SLL R7,8 ; Remove 1 character and lower 2 bit 0s by shifting away.
LR R9,R7 ; Move to register
AND R9, 0x3F ; Clear out extra bits.
SLL R9, 14 ; Shift up to proper location
O R8, R9 ; Drop it in
; Third Character complete.
SLL R7,8 ; Remove 1 character and lower 2 bit 0s by shifting away.
LR R9,R7 ; Move to register
AND R9, 0x3F ; Clear out extra bits.
SLL R9, 22 ; Shift up to proper location
O R8, R9 ; Drop it in
; And so on until you want to store the result, or your holder register is full.

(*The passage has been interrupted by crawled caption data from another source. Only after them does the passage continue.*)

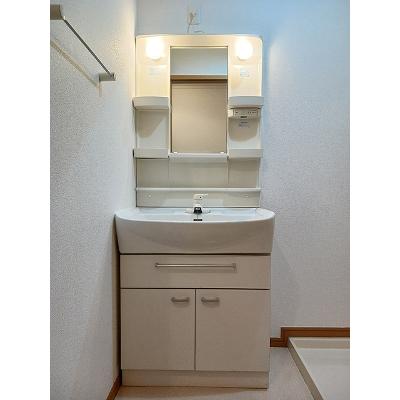 ビオレータ 103【管理NO：1-013868601-01030】 ★家具家電は申し込み後に搬入します★の物件画像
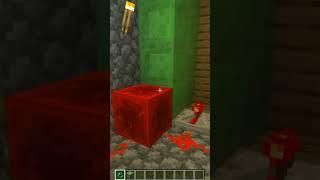 Что ВНУТРИ ЛИПКОГО ПОРШНЯ в МАЙНКРАФТ? #shorts #minecraft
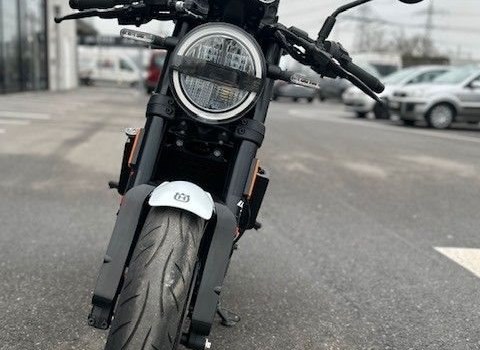 Gebrauchtmotorrad Husqvarna Vitpilen 401 - Bild 2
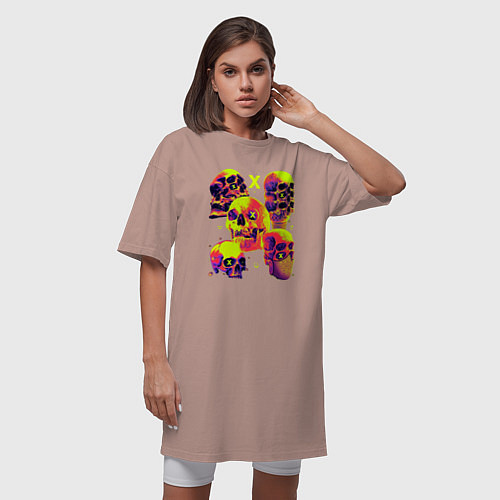 Женская футболка-платье Тусовка черепов / Пыльно-розовый – фото 3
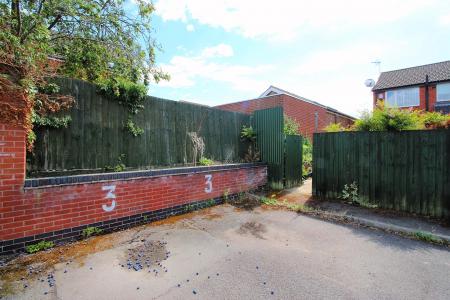 3 bedroom Semi-detached house for sale in Broadway, Syston, LE7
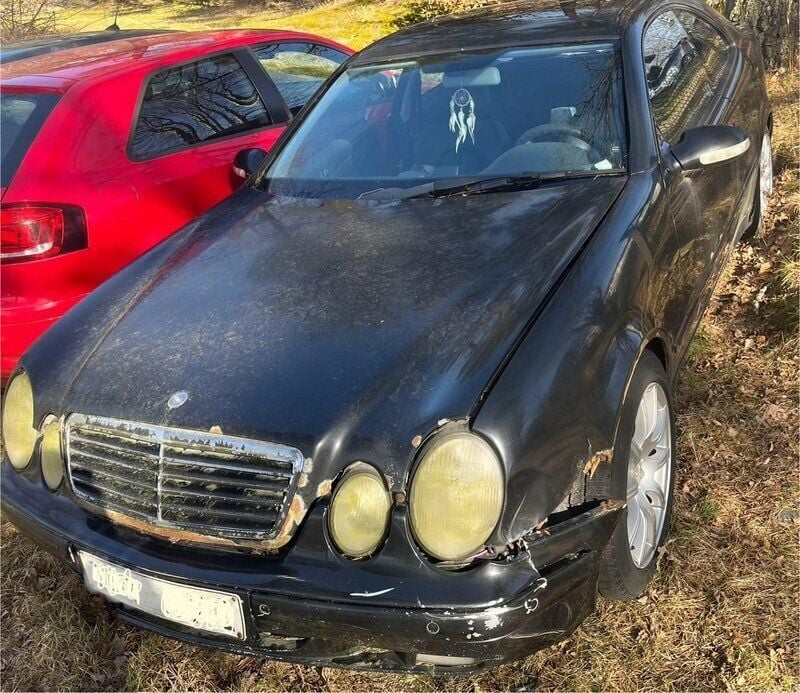 Svart Begagnad 2001 Mercedes CLK320 Avantgarde Sportkupé | 10 000 kr (Superpris) - Bild 1/4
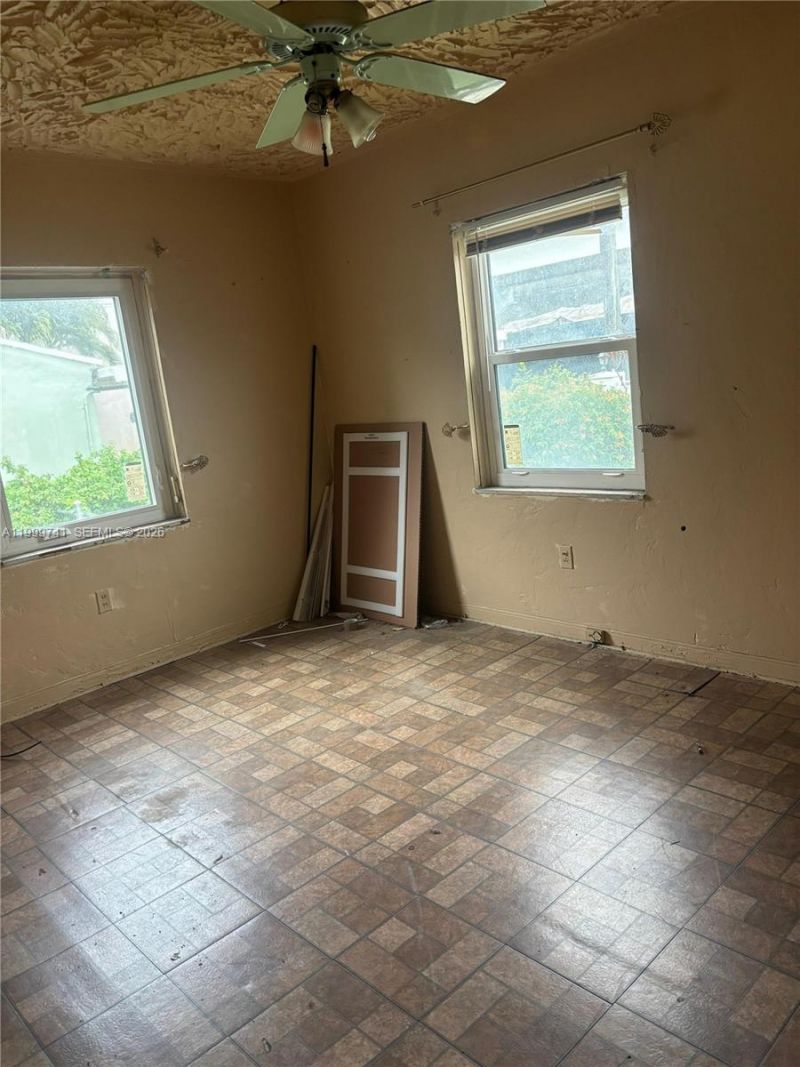 1733 NW 40th St, Miami, FL 33142 Photo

I have not coded in this assembler before, but one assembler is a lot like another and the above should demonstrate the ideas of bit manipulation with bitwise and/or combined with shifting. It also buffers I/O by not constatnly writing data to memory, instead using registers to speed things up.
Good luck!